§ What is expected: Your answer should be an exact copy of the lines from the one holding "Bakery Hill to Don Valley map" to the end of the material below, pictures left out.

§ Given data:

******

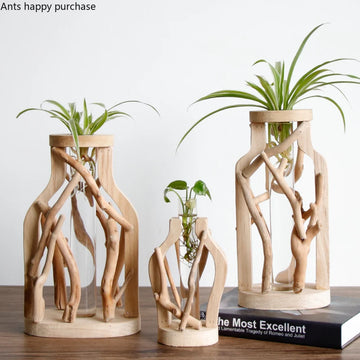 Natural Wooden Vase - Unique Decoration for Plants
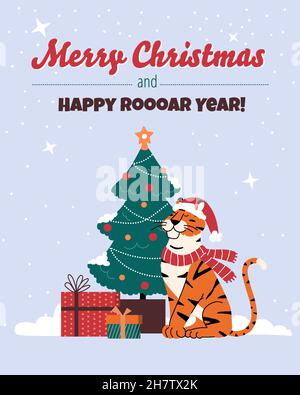 Le tigre dans un chapeau et une écharpe du Père Noël se trouve près de l'arbre de Noël avec des cadeaux.Illustration vectorielle plate pour carte postale, poster et imprimé.Joyeux noël an Illustration de Vecteur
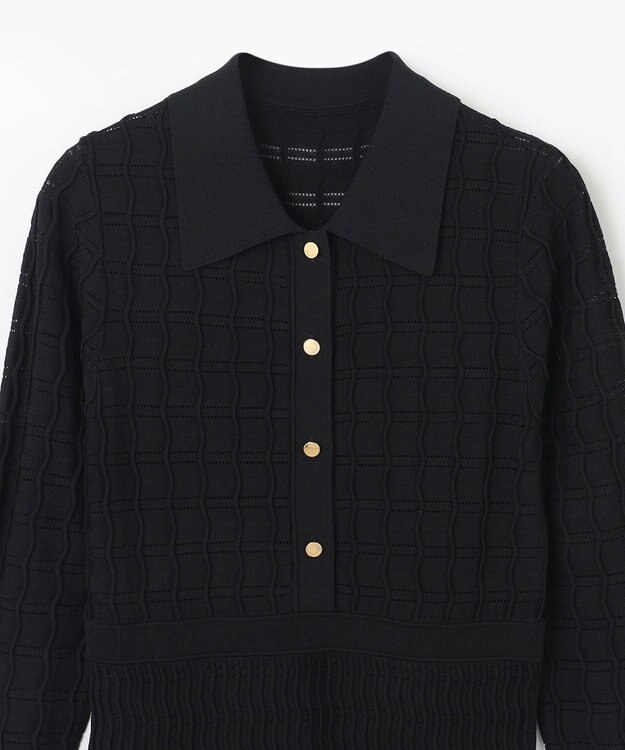 GRACE CONTINENTAL ウェーブニットワンピース ブラック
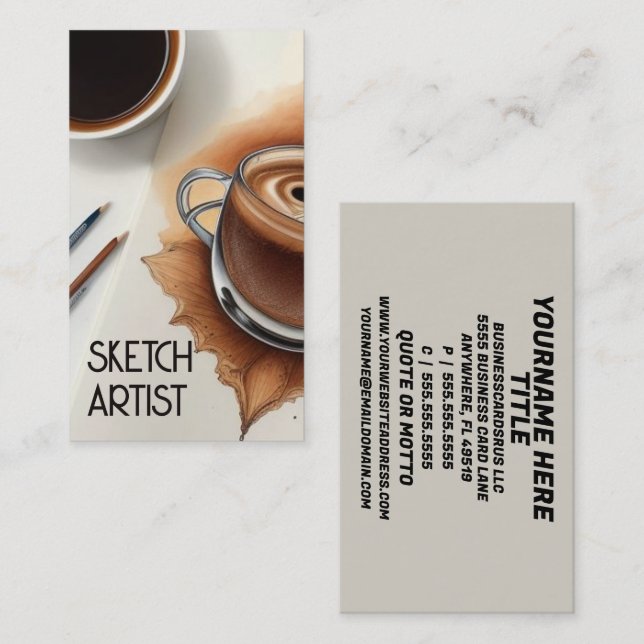 Coffee and Sketching Sketch Artist Business Card (Front/Back)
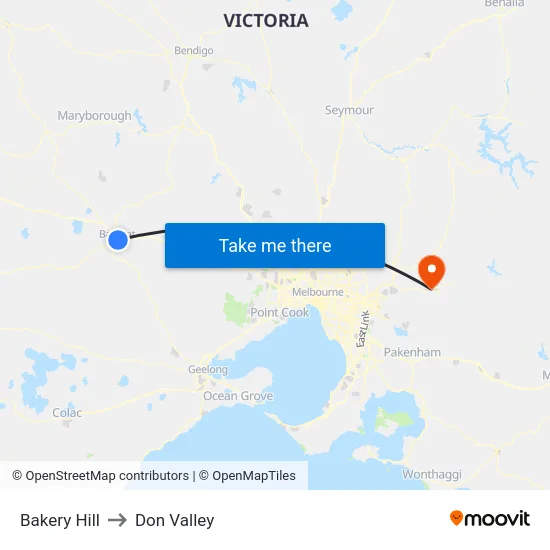 Bakery Hill to Don Valley map
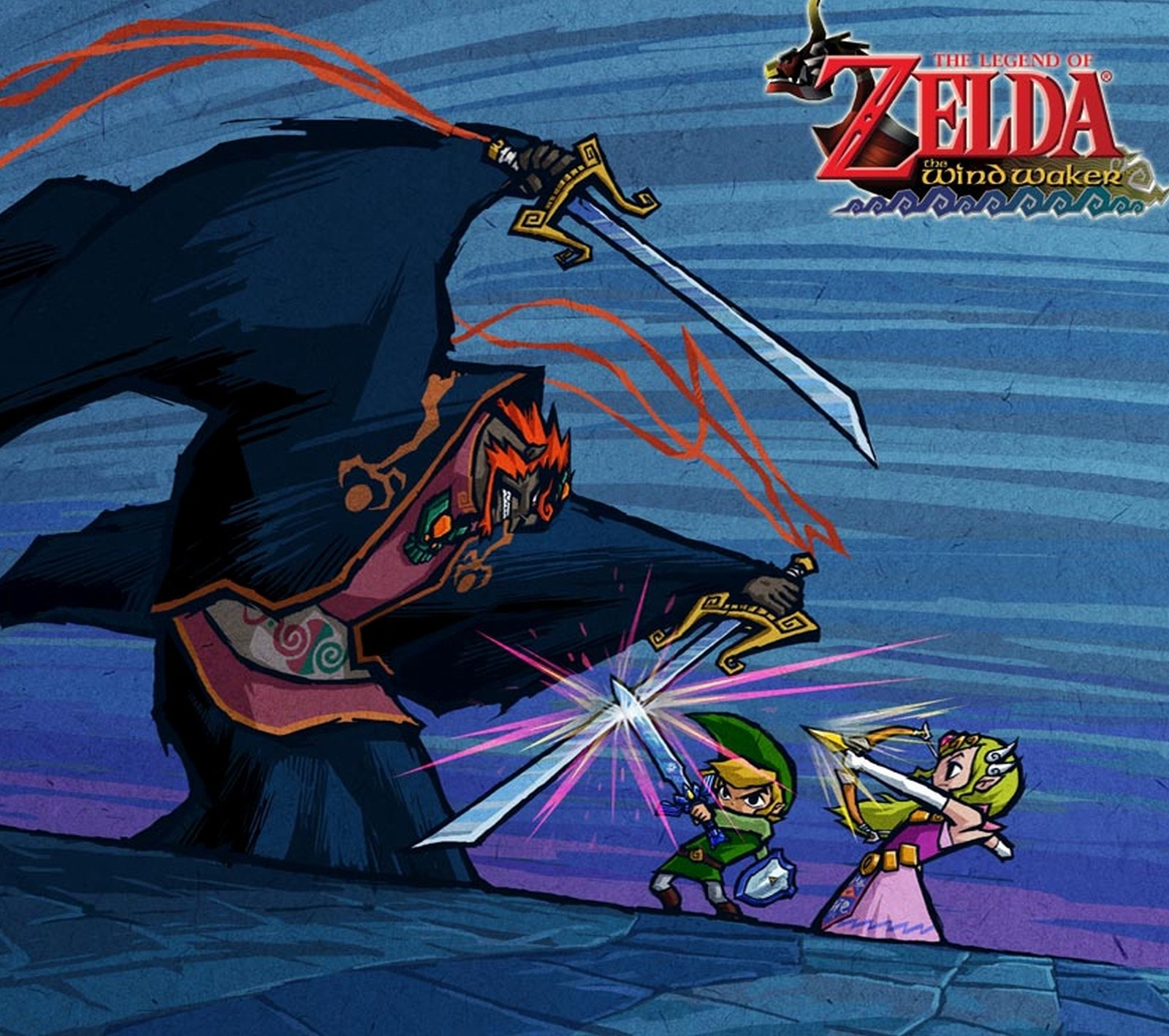 A cartoon of a man holding a sword next to a giant sword (nintendo, wind waker, zelda)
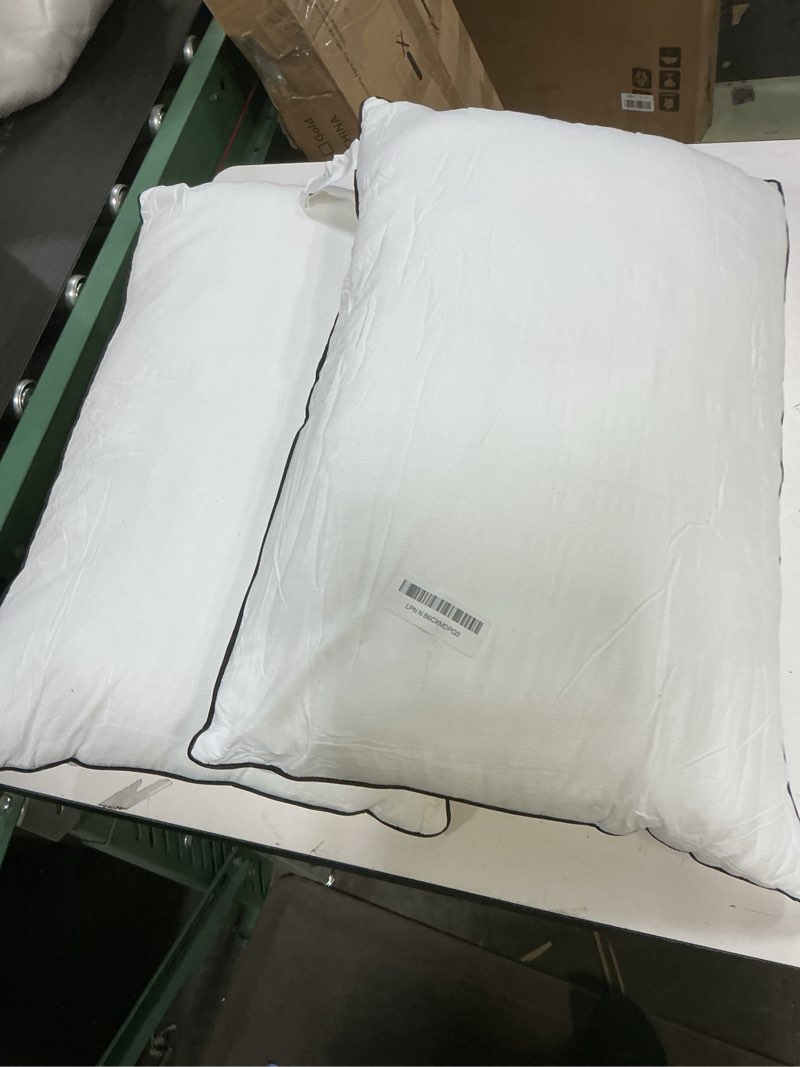 Condition photo showing As Is for jollyvogue pillows standard size set of 2, collection bed pillows for sleeping, hotel quality pillows for side, back and stomach sleepers, soft supportive oeko-tex certified down alternative filling standard 2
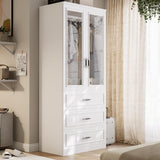 MEISSALIVVE Armoire Wardrobe Closet with 2 Door & 3 Drawers, 74.8" Large Wardrobe Cabinet with Hanging Rod, Freestanding Modern Bedroom Armoire Storage Cabinet, White MEISSALIVVE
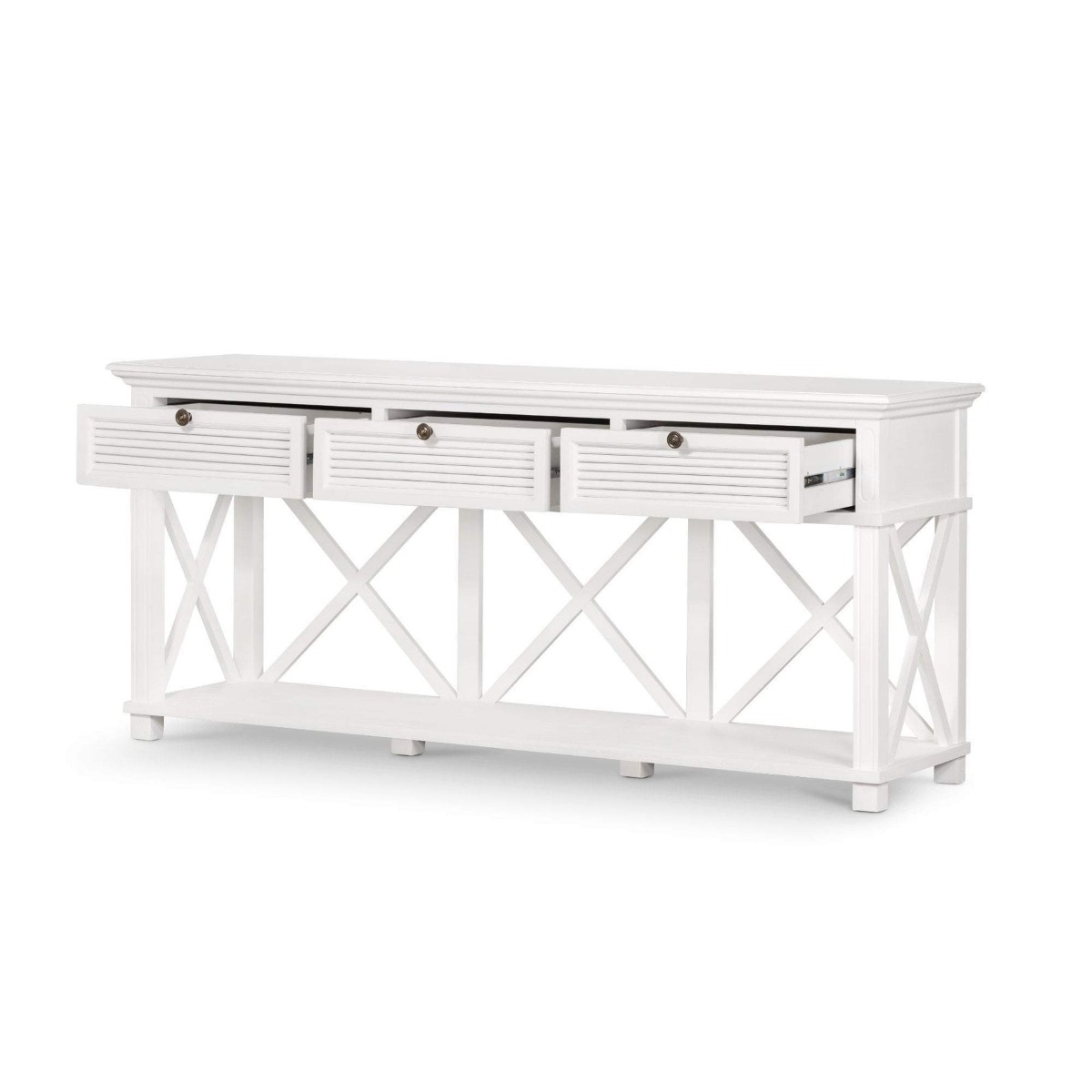 West Beach 3 Drawer Hamptons 190cm Console White, W 190cm D 50cm H 85cm (RRP $1999) - Image 6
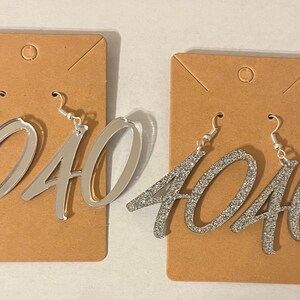 Age earrings, birthday earrings, 40th birthday earrings, number earrings,acrylic earrings, custom earrings image 5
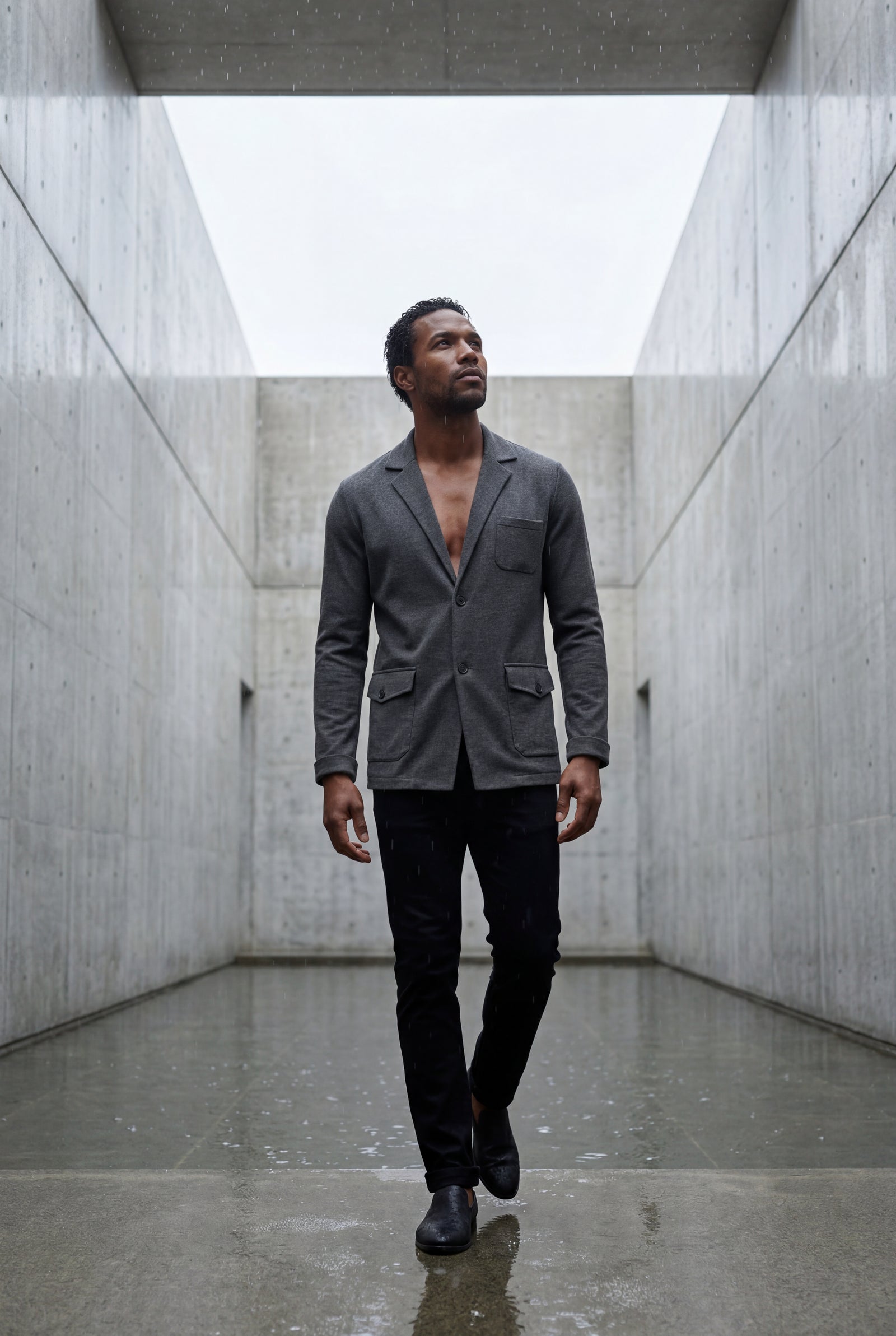 Dark Gray Lightweight Unstructured Slim Fit Casual Blazer - Photo 26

******

§ Your response:
 Bakery Hill to Don Valley map
 A cartoon of a man holding a sword next to a giant sword (nintendo, wind waker, zelda)
 Condition photo showing As Is for jollyvogue pillows standard size set of 2, collection bed pillows for sleeping, hotel quality pillows for side, back and stomach sleepers, soft supportive oeko-tex certified down alternative filling standard 2
 MEISSALIVVE Armoire Wardrobe Closet with 2 Door & 3 Drawers, 74.8" Large Wardrobe Cabinet with Hanging Rod, Freestanding Modern Bedroom Armoire Storage Cabinet, White MEISSALIVVE
 West Beach 3 Drawer Hamptons 190cm Console White, W 190cm D 50cm H 85cm (RRP $1999) - Image 6
 Age earrings, birthday earrings, 40th birthday earrings, number earrings,acrylic earrings, custom earrings image 5
 Dark Gray Lightweight Unstructured Slim Fit Casual Blazer - Photo 26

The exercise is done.